8. Notices. Any notice or other communication including, but not limited to any request, demand, consent, waiver, approval, to or by any Party to these Terms (in this section, collectively, the "Notices") must be in legible writing or by electronic communication addressed to the another Party at the contact details. The Notices are regarded as being given by the sender and received by the addressee as follows: (a) If by delivery in person, when delivered to the addressee; or (b) If by registered post or by internationally recognized delivery service (such as DHL, Pony Express, UPS or similar), at the Fifth (5) business day (if posted within a country) or at the Tenth (10) business day (if posted from one country to another) as the case may be, from and including the date of postage; or (c) If by email, when the addressee’s acknowledgement of receipt or at the next business day following the postage, whichever occurs earlier, but in any case, if the delivery or receipt is on a day which is not a business day or is after 4:00 PM (addressee’s local time) it is regarded as received at 9:00 AM (addressee’s local time) on the following business day.

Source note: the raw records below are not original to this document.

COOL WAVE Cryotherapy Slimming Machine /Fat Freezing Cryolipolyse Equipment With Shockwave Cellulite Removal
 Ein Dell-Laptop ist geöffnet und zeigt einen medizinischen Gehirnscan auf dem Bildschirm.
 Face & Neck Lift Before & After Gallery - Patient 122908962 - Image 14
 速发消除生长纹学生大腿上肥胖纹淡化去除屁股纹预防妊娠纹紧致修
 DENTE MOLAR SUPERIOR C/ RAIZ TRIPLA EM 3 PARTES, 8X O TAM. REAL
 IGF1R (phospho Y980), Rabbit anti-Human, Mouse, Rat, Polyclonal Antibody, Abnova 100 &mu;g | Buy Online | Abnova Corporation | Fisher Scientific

9. Governing Law and Arbitration. All disputes, controversies and differences between the Parties arising out of or relating to these Terms, including any question regarding its existence, validity or termination shall be construed, interpreted, applied, and governed in all respects in accordance with the laws of England and Wales without giving effect to its principles of conflicts of law. All and any disputes arising from these Terms shall be referred to and finally resolved by arbitration in accordance with the Rules for Expedited Arbitration of the Finland Chamber of Commerce. The Emergency Arbitrator provisions shall not apply. The seat of arbitration shall be Helsinki, Finland. The language of arbitration shall be English. The Parties agree that all arbitration proceedings conducted pursuant to this section shall be kept strictly confidential, and all information disclosed in the course of such arbitration proceedings shall be used solely for the purpose of those proceedings.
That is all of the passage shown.